Along with Thursday’s order, Justice Brian Hagedorn issued an order recusing himself from taking part in the case. Hagedorn previously served as legal counsel to Republican Gov. Scott Walker and helped draft the bill that became Act 10, then defended it against a federal court challenge.
In December, a Dane County judge ruled that parts of the law are unconstitutional because it treats similar types of state employees differently. The law retained collective bargaining rights for police officers, but excluded the state Capitol Police officers, conservation wardens and correctional officers.
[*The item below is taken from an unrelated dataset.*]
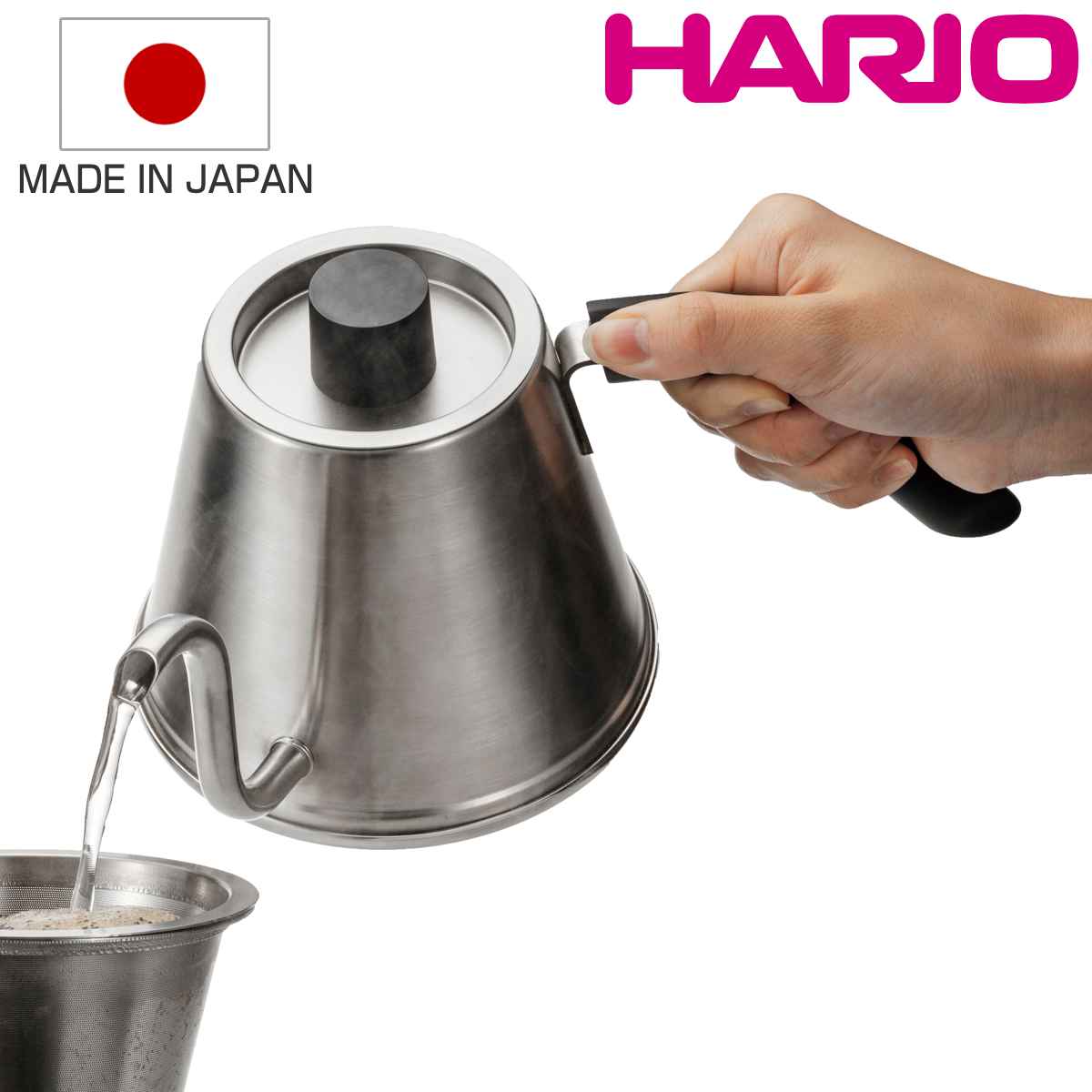 ハリオ プアコントロールケトル 600ml 粕谷モデル ステンレス （ HARIO 直火対応 IH対応 ドリップポット コーヒーポット ドリップケトル コーヒー 珈琲 用品 ハンドドリップ 横取っ手 細口 日本製 おしゃれ ）【3980円以上送料無料】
“Act 10 as written by the Legislature specifically and narrowly defines ‘public safety employee,’” Judge Jacob Frost wrote. “It is that definition which is unconstitutional.”
In his recusal order Thursday, Hagedorn acknowledged his role in shaping and defending the law.
“Members of the judiciary take a solemn oath to be independent and impartial,” Hagedorn wrote. “Our duty is to call it straight in every case, with neither partiality nor prejudice toward anyone. The law must guide our decisions — not politics, tribalism, or personal policy views.”
“After reviewing the filings and the various ethical rules I am sworn to uphold, I have concluded that the law requires me to recuse from this case,” he continued. “The issues raised involve matters for which I provided legal counsel in both the initial crafting and later defense of Act 10, including in a case raising nearly identical claims under the federal constitution.”
Hagedorn also noted that many of the legal arguments in the current challenge are similar to those made in the 2011 federal case.
Justice Janet Protasiewicz, who had previously said she may recuse herself from an Act 10 case because she participated in protests against the legislation as it was pending, did not participate in the decision to accept the case, but she did not release an order saying she’d recuse herself.
Both Hagedorn and Protasiewicz had faced calls for recusal in the case. Protasiewicz had also faced threats of impeachment from Republican legislators in a previous case about the state’s legislative maps.
In his order, Hagedorn warned about the politicization of the recusal process.
“In my view, recusal on this court should be rare — done only when the law requires it,” he wrote. “Going beyond that can create problems. We have seen how recusal can be weaponized by parties seeking a litigation advantage.”
In response to the Court’s order Thursday on the Legislature’s petition to intervene, Justice Rebecca Bradley and Chief Justice Annette Ziegler dissented.
They, along with Hagedorn, have also dissented in several Supreme Court decisions to bypass lower courts and take up cases after the court’s majority flipped in 2023 from four conservative justices to four liberal ones.
Bradley, writing Thursday’s dissent, pointed out that the state Legislature had asked for a two-week extension to respond to the bypass petition, and was instead given three business days.
“There is absolutely no reason to deny the Legislature’s request, unless three members of this court wish to fast track yet another politically charged case for the purpose of overturning settled law on an issue already decided by this court eleven years ago,” Bradley wrote.
The dispute over Act 10 is set to play a major role in this April’s Supreme Court election between Dane County Judge Susan Crawford and Waukesha County Judge Brad Schimel, who was state attorney general during Walker’s second term.